It is becoming increasingly clear that not only do I still have anxiety, I may not be all that great at dealing with it. I get tired, I mean absolutely exhausted trying to figure it out, keep it at bay, stop it. And for me, it's never been an easy thing to even talk about! Even to my husband. All I can ever think in my mind is that people are going to think I'm crazy! I mean come on...when you start spewing out phrases like "it just pops in my head", "I can't convince myself it's not true", and "I can't make it stop"...you tell me the first word that you think of! And how can I feel comfortable talking about it if I can't even be sure myself that I'm not really a perfect candidate for a padded room!

There are a select few people in my life that I have trusted enough to confide in somewhat. Every person has for sure helped me. Whether it was just giving me an outlet to vent, talking me out of a full on attack, or just unknowingly being a familiar presence that calms me. Consistently however, I stop short of "getting it all out" because I can hear myself saying all the things that leads to that stigma of crazy.
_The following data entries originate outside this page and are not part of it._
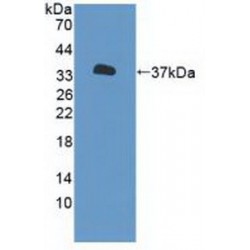 Purinergic Receptor P2X, Ligand Gated Ion Channel 7 (P2RX7) Antibody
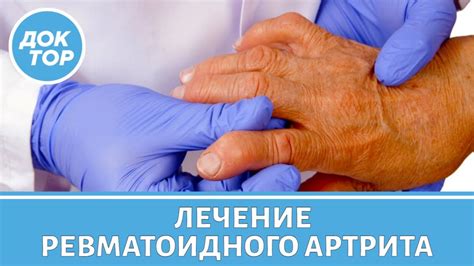 Ревматоидный артрит: лечение, причины, симптомы, диагностика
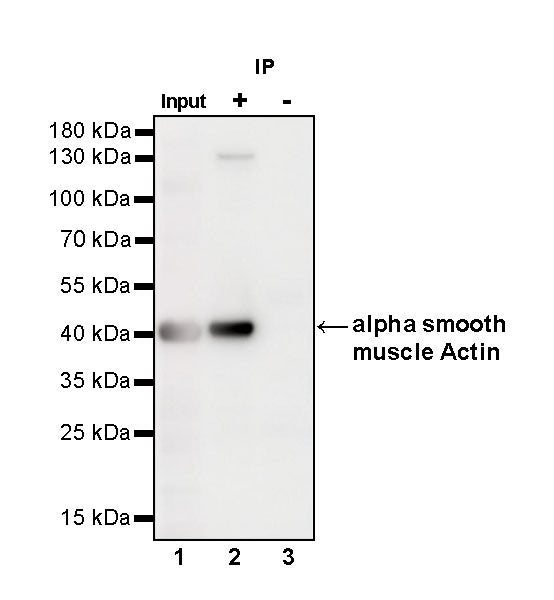alpha smooth muscle Actin Recombinant Mouse mAb (SDT-R142)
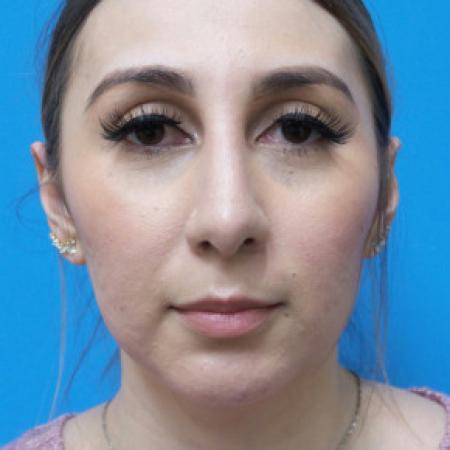 After image 1 Case #102206 - 30 year old  -  Open Rhinoplasty & Chin Augmentation   3 months post-op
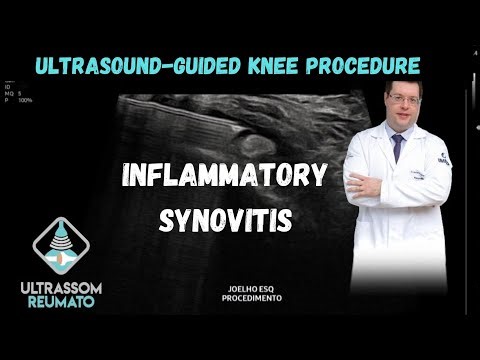 Ultrasound-Guided Procedure in Knee Inflammatory Synovitis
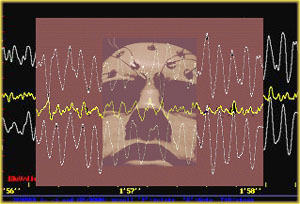 EEG after concussion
I can't expect others to understand what I'm going through, if I don't first understand it myself. Externally, I can tell you plenty of things that I "know" about anxiety. I can rattle off symptoms and triggers, examples of thought processes, and even a few calming techniques! But as I've found out lately, those things merely skim the surface. Anxiety is a pain in my ass an internal thing. And until you research, learn, and teach yourself...the situation really isn't much different than the idea of a dog chasing his tail.

Which leads me to the purpose of this post. This last month has been pure hell for me! My anxiety has slowly picked up the pace to where I am now dealing with it on a daily basis! Anger has creeped in. Total disappointment with myself. Sadness that I will be stuck like this forever. And well...I guess it's just full out despair! I had a stress and anxiety induced breakdown the other night in bed while my husband was happily in the throws of slumber. I completely failed, tears fell, panic ensued, and I could no longer keep it inside. I woke up my hubs and his simple nonjudgmental phrase of "talk to me" gave me just enough of a push to let it ALL out. Finally.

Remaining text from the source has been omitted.